There are currently around 250,000 funds, over 400,000 members and they have about $100 billion in assets – this is the evidence of the continuing popularity of self-managed super.

So what makes self managed funds so attractive ?

1. Take Care of the Whole Family

Self-managed superannuation enables the whole family to be members of the same fund. Generally, that is difficult with other types of funds.

This is purpose built for you and your family, by having family members and their super assets in the one flexible superannuation fund and it makes decision making much easier when considering your own needs and in particular estate planning.

2. Control & Flexibility

Just about every aspect of self-managed super offers the opportunity for as much control and flexibility as you want or need. This control begins with the Fund’s Trust Deed, which can be drafted to meet your specifications.

As trustee of your own fund, you have maximum flexibility in relation to fund investments, tax strategies and estate planning.

3. Cost Effective

While cost savings will generally not be a key driver in selecting a self-managed fund, there are potential savings compared to public offer super funds. The extent of cost savings depends on the type of investments and size of capital in the fund.

4. Broad Investment Choice

Self-managed funds offer almost limitless investment choice. Compare that to your current super fund where investment choice is often limited to capital stable, balanced and growth option.

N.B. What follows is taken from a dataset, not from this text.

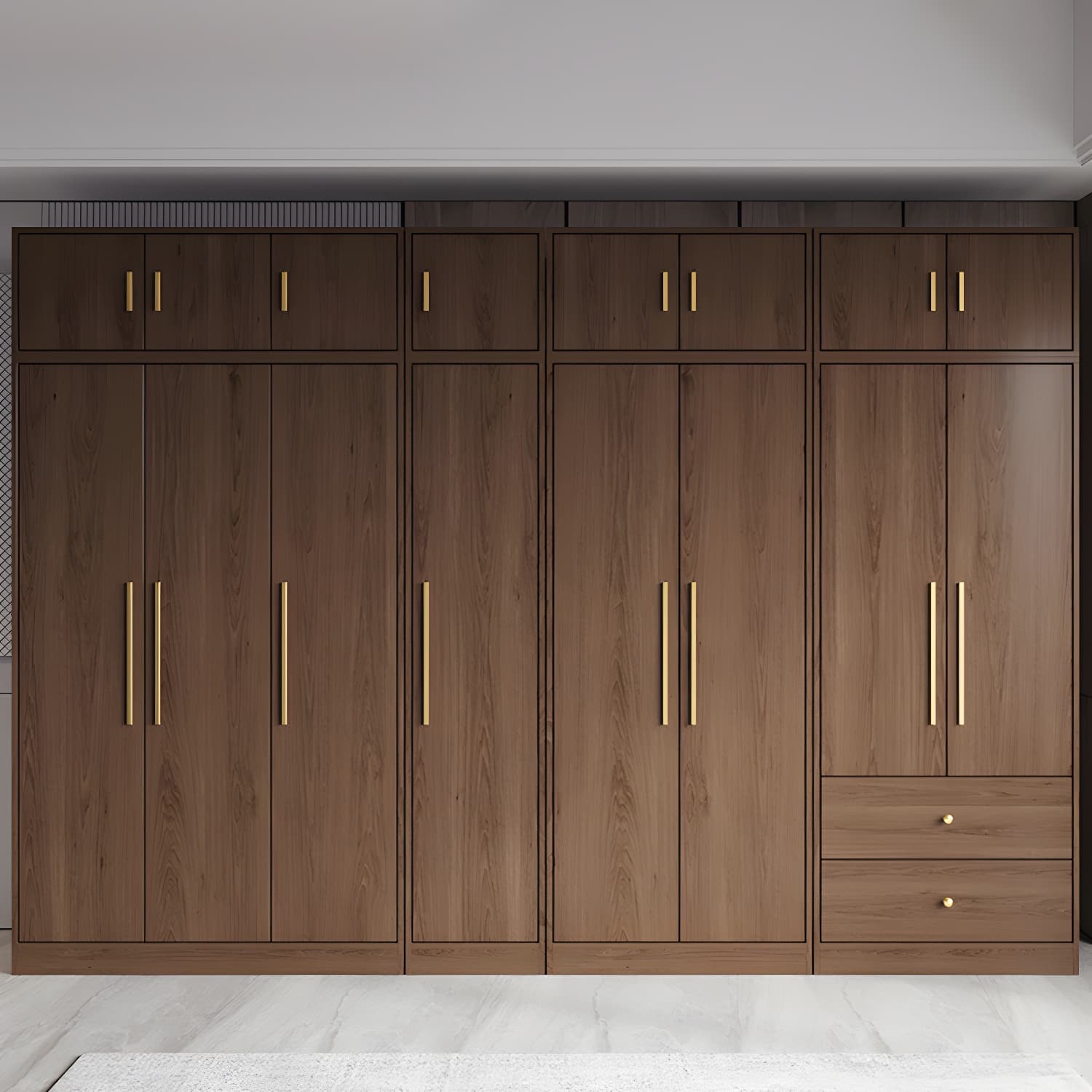 Wood Grain Design Armoires & Wardrobes with Soft Close Door and Storage Space thumbnail 11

Super law does not proscribe the type of assets that a super fund can and can’t invest in. What it does, is set an investment framework that trustees must adhere to in relation to the investment of fund assets. Importantly, all investments need to be made in accordance with the fund’s documented investment strategy.

5. Tax Efficient

It is the tax efficiency of self managed funds that attract money. Some of the tax benefits are:

  • The ability to use imputation credits from shares paying fully franked dividends to substantially reduce the tax liability of the fund. Importantly, excess imputation credits can be refunded to the fund.
  • A maximum of 10% tax on capital gains earned in the accumulation phase and no capital gains tax in pension phase.
  • The ability to structure very tax effective estate planning strategies that can include the payment of pensions upon death to beneficiaries including children.